Music in the Mountains
The Crooked Road and the Birth of Country Music (3 Days)
Visit Southwest Virginia, where country music was born, where authentic mountain music can be found along the crooked roads, and where music is still woven into the fabric of everyday life.
From the Birthplace of Country Music in Bristol, to The Crooked Road: Virginia's Heritage Music Trail, you'll find authentic musical experiences at every turn. The variety is amazing - old-time string bands, a cappella gospel, blues, 300 year old ballads, bluegrass, and more.
Arrive in beautiful historic Abingdon, grab lunch and enjoy some time in the downtown area where you will find unique shopping opportunities.
Delight in an incredible matinee performance at the popular Barter Theatre, State Theatre of Virginia.
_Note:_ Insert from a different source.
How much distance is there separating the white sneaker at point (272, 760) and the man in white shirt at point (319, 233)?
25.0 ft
On June 10, 1933, Barter Theatre opened its doors, proclaiming "With vegetables you cannot sell, you can buy a good laugh." The price of admission was 40 cents or equivalent amount of produce. Four out of five Depression-era theatregoers paid their way with vegetables, dairy products and livestock.
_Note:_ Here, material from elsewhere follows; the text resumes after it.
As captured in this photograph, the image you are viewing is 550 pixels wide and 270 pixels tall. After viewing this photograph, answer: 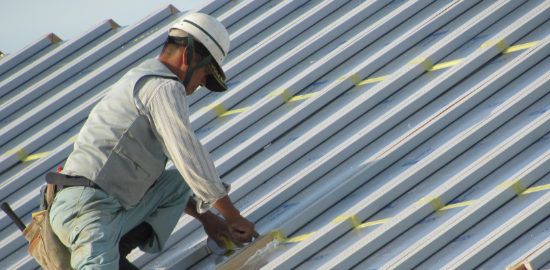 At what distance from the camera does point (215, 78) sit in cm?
248

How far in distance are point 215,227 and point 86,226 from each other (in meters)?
0.67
Enjoy dinner at one of Abingdon's distinctive restaurants. With over 34 independently owned restaurants, Abingdon has more eateries per capita than New York City! In 2019 and 2020, Abingdon was voted Best Small Town Food Scene in the country by USA Today's 10Best Travel section.
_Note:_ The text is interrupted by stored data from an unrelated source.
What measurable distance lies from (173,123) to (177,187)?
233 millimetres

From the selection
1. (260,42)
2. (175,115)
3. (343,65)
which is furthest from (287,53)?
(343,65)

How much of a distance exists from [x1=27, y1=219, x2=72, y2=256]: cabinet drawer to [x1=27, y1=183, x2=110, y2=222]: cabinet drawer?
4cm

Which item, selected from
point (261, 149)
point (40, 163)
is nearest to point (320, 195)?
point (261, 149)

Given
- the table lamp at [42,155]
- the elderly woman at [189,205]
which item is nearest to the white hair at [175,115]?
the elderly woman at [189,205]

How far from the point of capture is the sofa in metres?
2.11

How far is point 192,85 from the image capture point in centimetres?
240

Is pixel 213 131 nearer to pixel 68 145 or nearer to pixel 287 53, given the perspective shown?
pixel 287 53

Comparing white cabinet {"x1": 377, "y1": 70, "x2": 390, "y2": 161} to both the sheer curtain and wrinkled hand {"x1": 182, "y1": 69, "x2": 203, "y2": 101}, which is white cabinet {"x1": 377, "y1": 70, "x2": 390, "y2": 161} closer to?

Start your day with a tour of The Birthplace of Country Music Museum. An affiliate of the Smithsonian Institution, the museum tells the story of the 1927 Bristol Sessions recordings, explores how evolving sound technology shaped their success, and highlights how this rich musical heritage lives on in today’s music.
“The 1927 Bristol Sessions are the single most important event in the history of country music.”
– Johnny Cash
Through text and artifacts, multiple theater experiences, and interactive displays – along with a variety of educational programs, music performances, and community events – the exciting story of these recording sessions and their far-reaching influence comes alive. Rotating exhibitions from guest curators and other institutions, including the Smithsonian, are featured throughout the year in the Special Exhibits Gallery. The museum also houses a collection of related objects, photographs and paper ephemera, and digital items.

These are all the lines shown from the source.